Reform now is facing the same sort of scrutiny--and ridicule--that killed New Math.
Why? The feel-good language presents an easy target. And the test score gap with other industrial nations is not closing.
This fall, the National Assessment of Educational Progress said 17-year-olds are no stronger in math than 20 years ago. Only six of 10 high school seniors can compute with decimals, fractions and percentages. Fewer than one in 10 can use beginning algebra.
Math professors shake their heads at the skills of freshmen--54% in the CSU system have to take remedial math. "Things the average students would know backward and forward 12 years ago, these students don't know at all," said Jerry Rosen of Cal State Northridge, lamenting how students now use calculators to add single-digit numbers.
Performance in elementary grades is shaky as well.
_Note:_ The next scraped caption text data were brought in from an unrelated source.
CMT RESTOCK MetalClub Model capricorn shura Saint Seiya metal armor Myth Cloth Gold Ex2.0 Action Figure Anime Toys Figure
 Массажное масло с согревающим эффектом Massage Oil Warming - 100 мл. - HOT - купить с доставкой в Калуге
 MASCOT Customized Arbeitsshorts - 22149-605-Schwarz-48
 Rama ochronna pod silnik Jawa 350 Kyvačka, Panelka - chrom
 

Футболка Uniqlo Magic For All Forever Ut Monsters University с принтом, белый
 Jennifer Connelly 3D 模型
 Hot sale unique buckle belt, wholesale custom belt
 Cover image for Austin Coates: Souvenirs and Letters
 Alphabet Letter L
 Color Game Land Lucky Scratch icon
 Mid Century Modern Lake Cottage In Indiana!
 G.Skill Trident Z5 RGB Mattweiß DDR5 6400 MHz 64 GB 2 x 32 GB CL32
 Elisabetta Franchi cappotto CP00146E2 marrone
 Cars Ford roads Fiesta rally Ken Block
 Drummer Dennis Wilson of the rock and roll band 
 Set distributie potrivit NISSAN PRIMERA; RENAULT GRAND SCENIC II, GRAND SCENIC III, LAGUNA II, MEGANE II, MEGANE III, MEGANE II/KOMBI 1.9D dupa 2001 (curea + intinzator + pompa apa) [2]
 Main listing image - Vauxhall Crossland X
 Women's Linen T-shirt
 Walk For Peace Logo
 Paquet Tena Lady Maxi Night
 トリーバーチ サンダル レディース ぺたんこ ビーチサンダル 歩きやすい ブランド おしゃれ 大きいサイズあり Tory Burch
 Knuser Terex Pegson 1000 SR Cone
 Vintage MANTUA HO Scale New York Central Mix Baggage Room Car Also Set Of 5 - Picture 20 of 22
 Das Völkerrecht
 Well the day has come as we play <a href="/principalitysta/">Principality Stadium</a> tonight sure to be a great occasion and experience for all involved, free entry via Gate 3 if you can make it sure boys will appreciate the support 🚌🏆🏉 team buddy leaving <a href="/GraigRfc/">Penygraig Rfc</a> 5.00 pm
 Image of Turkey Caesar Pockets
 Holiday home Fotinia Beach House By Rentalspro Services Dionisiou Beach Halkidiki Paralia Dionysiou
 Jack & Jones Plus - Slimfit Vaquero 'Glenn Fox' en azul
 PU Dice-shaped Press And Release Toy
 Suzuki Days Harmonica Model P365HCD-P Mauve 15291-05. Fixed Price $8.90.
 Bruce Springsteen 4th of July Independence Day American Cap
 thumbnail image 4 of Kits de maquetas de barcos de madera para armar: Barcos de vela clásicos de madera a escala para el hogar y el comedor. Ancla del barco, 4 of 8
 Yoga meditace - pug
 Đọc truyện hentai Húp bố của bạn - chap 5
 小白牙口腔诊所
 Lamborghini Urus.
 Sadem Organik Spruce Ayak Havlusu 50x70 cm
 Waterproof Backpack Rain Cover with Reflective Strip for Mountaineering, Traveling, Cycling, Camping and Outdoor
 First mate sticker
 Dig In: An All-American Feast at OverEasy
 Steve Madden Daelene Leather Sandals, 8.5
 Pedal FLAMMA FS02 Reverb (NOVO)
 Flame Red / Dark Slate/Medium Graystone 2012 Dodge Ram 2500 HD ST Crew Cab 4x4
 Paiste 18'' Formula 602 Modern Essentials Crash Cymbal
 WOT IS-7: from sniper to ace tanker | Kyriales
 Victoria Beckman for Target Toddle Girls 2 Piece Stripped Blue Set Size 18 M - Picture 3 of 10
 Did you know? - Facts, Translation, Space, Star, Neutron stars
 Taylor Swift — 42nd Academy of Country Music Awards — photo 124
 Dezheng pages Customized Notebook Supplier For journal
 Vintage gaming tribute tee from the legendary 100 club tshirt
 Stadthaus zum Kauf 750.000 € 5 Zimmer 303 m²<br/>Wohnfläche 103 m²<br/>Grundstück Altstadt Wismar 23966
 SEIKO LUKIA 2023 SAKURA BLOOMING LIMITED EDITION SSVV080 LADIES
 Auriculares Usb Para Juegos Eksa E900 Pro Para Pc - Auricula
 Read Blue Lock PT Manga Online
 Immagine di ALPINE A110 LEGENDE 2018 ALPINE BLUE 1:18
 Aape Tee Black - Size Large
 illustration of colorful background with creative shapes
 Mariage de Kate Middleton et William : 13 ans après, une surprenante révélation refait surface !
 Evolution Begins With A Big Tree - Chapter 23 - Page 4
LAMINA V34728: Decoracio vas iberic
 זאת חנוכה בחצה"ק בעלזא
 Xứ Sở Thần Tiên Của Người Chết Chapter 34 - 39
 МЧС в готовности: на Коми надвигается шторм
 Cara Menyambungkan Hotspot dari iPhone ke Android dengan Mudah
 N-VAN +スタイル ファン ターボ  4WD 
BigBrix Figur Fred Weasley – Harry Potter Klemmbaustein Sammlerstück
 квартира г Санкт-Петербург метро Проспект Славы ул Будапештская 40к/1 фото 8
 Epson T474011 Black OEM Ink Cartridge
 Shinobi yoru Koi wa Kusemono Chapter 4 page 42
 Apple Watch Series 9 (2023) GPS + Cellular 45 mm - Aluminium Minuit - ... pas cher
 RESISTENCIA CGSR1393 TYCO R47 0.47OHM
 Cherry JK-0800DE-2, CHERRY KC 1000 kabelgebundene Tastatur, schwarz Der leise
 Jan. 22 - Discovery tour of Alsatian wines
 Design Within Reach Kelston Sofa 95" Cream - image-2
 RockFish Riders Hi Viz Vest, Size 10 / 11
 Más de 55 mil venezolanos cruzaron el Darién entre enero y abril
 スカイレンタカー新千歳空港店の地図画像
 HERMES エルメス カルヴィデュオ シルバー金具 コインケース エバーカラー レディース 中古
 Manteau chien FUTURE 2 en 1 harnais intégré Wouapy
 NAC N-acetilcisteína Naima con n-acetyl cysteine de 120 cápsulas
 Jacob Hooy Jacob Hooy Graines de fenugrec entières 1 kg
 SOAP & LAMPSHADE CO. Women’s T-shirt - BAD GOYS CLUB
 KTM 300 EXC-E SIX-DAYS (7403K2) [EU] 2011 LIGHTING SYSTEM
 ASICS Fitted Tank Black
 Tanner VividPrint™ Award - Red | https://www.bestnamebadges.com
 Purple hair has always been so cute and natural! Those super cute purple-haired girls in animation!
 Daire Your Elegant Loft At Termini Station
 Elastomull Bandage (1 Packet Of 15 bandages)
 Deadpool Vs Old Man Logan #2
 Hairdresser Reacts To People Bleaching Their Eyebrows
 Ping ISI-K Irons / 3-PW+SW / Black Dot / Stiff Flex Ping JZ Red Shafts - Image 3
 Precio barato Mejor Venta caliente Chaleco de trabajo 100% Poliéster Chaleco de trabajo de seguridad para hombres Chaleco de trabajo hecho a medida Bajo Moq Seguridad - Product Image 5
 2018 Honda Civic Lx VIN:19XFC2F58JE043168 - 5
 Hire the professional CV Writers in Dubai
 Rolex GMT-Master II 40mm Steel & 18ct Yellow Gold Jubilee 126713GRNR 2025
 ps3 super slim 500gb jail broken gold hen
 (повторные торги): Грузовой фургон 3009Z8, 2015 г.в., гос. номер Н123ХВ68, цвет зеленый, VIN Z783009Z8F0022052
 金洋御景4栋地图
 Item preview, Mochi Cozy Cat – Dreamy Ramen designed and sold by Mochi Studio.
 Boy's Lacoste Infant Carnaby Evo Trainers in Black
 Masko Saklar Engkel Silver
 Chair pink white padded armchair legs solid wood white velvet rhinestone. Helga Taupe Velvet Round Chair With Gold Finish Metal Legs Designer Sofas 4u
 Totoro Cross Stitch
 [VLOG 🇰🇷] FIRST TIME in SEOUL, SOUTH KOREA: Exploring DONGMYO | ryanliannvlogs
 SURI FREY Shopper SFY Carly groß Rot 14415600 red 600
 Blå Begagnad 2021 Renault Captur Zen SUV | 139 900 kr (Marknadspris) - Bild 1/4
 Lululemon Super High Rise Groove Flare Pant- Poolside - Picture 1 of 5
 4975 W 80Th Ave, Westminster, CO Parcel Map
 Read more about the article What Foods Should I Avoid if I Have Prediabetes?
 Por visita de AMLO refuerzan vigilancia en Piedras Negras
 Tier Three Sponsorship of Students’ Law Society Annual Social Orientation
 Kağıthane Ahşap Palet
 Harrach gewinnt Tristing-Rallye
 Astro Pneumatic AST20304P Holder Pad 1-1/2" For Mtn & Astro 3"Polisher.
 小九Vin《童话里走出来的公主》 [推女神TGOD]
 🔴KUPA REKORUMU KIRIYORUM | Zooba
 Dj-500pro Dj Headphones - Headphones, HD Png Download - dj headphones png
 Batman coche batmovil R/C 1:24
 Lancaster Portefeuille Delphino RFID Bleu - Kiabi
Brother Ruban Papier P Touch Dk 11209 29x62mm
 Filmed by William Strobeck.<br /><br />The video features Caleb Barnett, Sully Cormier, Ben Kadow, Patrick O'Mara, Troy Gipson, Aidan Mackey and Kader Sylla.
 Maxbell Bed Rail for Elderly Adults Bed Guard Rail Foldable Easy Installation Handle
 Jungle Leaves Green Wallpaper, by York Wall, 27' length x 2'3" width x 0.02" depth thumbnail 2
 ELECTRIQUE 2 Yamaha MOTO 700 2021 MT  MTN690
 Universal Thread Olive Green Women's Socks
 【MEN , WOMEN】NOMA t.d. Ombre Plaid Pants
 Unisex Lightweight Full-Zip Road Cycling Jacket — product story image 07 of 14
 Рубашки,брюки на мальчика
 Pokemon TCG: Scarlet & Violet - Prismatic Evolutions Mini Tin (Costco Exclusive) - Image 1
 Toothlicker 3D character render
Last year, after many California schools began using Reform lesson plans, test scores immediately plunged in Santa Barbara, San Francisco and elsewhere--stirring parent revolts.
"I don't think parents would be skeptical if they thought the new ideas were firmly anchored in their kids being able to balance a checkbook when they're older," said Miller, the San Francisco writer. He put his daughter in a Catholic school where she is expected to memorize multiplication tables by the end of the third grade.
Just as California led the way to Reform, so is it experiencing backlash first. Critics compare the state's math curriculum to its disastrous experiment in reading instruction. Officials embraced the "whole language" approach, downplaying fundamental phonics skills in favor of trusting that students would learn them through exposure to interesting stories.
In math, those leading the backlash say it's a difficult subject, whether reformers admit it or not. And it is practice adding and subtracting--with a pencil--that prepares the mind for complex work such as calculus.
The fight gets ugly at times.
At San Fernando High, Dan Hart is following the example of Jaime Escalante. He touts "real academic standards" and uses the same texts and cram sessions to teach low-income Latino students Advanced Placement calculus.
Of 19 who took the AP test last spring, eight passed. Francisco Garcia also scored a perfect 800 on the college entrance SAT test.
But Hart is an outlaw in the Los Angeles district because he uses structured Saxon Publishing books, which reformers have stricken from approved lists. His students have them only because the publisher donated them.
"It's astounding to me that these books are so vilified, because kids learn so much better," Hart said.
Hart is optimistic, though, because the state now is rewriting its guidelines for the teaching of math and reading. In fact, the appointment of outspoken backlashers to the math panel enraged reformers, with 3,000 teachers signing protest petitions.
So what to do? Were we to repeat the patterns of the past, policymakers would order a retreat to traditional practices and declare the war won . . . until the next counterrevolution.
But no one--neither reformers nor their critics--believes that would improve our international standing.
Voices as prominent as Albert Shanker, the president of the American Federation of Teachers, say we need to decide exactly what math students should know at each level. And we should not flee from testing performance because failure may hurt some.
That still leaves room for different approaches.
The nations high on the international report card do not use one method. Japanese teachers use many Reform-type lessons, but students also attend private programs for extra drilling.
What's more, Japanese lessons are better crafted and more likely to include challenging math ideas. That was the conclusion of Stigler, the UCLA professor, who supervised videotaping of eighth-grade classes in various nations.
American lessons, in contrast, were unfocused and often interrupted. Stigler said 95% of the teachers espoused Reform ideas, but the vast majority offered lessons not unlike those of the 1950s.
That finding was one reason that Education Secretary Riley urged Americans not to give up on Reform philosophy. Parents, he said, should demand classes that help kids really "understand."